Benefits of Sleeping

  • Heart and Cardiovascular Health lack of sleep has been associated with worsening of blood pressure and cholesterol, which are risk factors for heart disease and stroke.
  • Reduction in Stress there is an amplification in reactivity of the amygdala - a key spot in triggering rage and anger - in those who are sleep-deprived
  • Reduction in inflammation mediators of inflammation are altered by sleep loss and are elevated in these scenarios. Reducing inflammation can expedite the recovery process when dealing with any injuries.
  • Improved Alertness a good night’s sleep will provide you with more energy and a higher level of alertness the next day. When waking up feeling refreshed, it’s easier to go out and attack your day.

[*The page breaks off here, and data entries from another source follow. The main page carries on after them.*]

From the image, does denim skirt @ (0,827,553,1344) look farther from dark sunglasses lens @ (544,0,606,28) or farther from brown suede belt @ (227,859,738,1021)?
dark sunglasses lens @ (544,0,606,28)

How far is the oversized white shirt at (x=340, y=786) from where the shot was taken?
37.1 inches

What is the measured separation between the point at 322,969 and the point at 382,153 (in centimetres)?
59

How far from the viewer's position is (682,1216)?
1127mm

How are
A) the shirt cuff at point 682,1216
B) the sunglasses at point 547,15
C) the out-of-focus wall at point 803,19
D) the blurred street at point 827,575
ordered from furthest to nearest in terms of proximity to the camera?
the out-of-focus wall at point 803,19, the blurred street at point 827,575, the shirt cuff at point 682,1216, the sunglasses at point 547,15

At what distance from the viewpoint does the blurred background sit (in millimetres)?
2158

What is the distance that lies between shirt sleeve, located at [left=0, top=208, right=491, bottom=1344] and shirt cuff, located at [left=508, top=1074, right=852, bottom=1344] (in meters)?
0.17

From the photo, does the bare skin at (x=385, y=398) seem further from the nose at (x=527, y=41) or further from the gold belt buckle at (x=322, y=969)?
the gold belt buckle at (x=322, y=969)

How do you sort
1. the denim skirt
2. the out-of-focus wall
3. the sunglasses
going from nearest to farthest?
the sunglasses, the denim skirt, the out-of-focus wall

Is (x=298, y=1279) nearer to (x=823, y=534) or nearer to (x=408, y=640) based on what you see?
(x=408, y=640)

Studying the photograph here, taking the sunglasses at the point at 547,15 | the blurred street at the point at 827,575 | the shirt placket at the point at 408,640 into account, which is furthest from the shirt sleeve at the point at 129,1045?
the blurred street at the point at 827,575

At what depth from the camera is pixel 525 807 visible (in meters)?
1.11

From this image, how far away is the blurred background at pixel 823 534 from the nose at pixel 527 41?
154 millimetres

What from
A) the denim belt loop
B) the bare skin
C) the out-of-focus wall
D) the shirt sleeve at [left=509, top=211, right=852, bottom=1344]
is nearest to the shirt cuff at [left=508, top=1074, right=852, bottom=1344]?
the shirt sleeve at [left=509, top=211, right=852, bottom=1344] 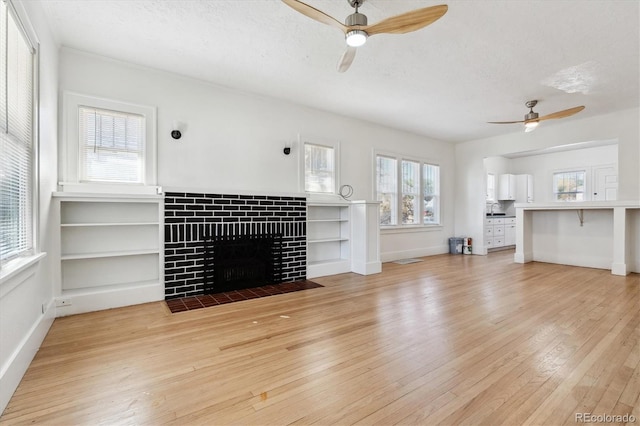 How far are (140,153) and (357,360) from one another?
3442 millimetres

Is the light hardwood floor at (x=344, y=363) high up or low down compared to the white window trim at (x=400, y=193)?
down

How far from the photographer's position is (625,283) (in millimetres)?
4383

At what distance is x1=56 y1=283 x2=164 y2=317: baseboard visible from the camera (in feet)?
10.2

Detriments of Sleep Deprivation

  • Memory Loss sleep plays a role in memory consolidation. Deep sleep, in particular, is important for your brain to make memories and connections.
  • Compromised Immune System sleep has an important effect on our immune system and sleep deprivation can make you more susceptible to various maladies.
  • Weight Gain a lack of sleep affects your body’s release of insulin, a blood sugar-lowering hormone, and increases the risk for type 2 diabetes.
  • Injury Risk lack of sleep can affect your proprioception and neuromuscular control, making you more prone to injuries.

Tips for Improving Sleep

  • Go to bed and wake up at a similar time each day, especially with our current circumstances it is important to create consistency and routine.
  • Keep your bedroom temperature on the cooler side; about 65F is optimal for your body to prepare for sleep (wear socks if your feet are cold).
  • An hour before bedtime, dim the lights and turn off all screens. Blackout curtains can be helpful as well.
  • Avoid caffeine after 1p in the day and never go to bed tipsy. Alcohol is a sedative and sedation is not sleep.
  • If you can’t sleep, get out of bed and do something quiet and relaxing until the urge to sleep returns. Try some breathing practices or meditation.